つまり、全般的にブロックに格納できるデータ量が多いと手数料は安く、少ないと高くなる傾向にあり、これがブロックチェーンごとに手数料が異なる2つ目の理由です。なお、あくまでも需要状況により手数料は変動することが前提です。

イーサリアムのガス代高騰とスケーラリビティ問題の関連性

スケーラビリティ問題とは、ブロックチェーンがトランザクション数の増加に伴い処理能力を適切に拡大できない課題を指します。

この問題が顕在化すると、取引が集中した場合に、自分の取引が順番待ちの状態となり、承認に時間がかかることがあります。

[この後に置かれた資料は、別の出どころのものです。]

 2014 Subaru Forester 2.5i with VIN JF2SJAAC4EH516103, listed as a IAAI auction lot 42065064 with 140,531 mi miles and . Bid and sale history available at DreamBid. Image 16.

近年、この課題は業界全体で注目されており、多くのプロジェクトがネットワーク効率の改善を目指した開発を進めています。

また、スケーラビリティ問題の解決が、ブロックチェーン技術のさらなる普及や新しいユースケースの実現に繋がるとも期待されていますが、時価総額の大きいイーサリアムやビットコインにおいて、スケーラビリティの課題は完全に克服されていないのが現状です。

一方、ブロックチェーンの手数料(ガス代)は市場原理に基づき変動します。イーサリアムでは、取引が集中してネットワークが混雑するとガス代の基本手数料が上がり、さらに自分の取引を優先的に処理してもらうためにPriority Feeを上乗せすると、総ガス代がさらに高くなる仕組みです。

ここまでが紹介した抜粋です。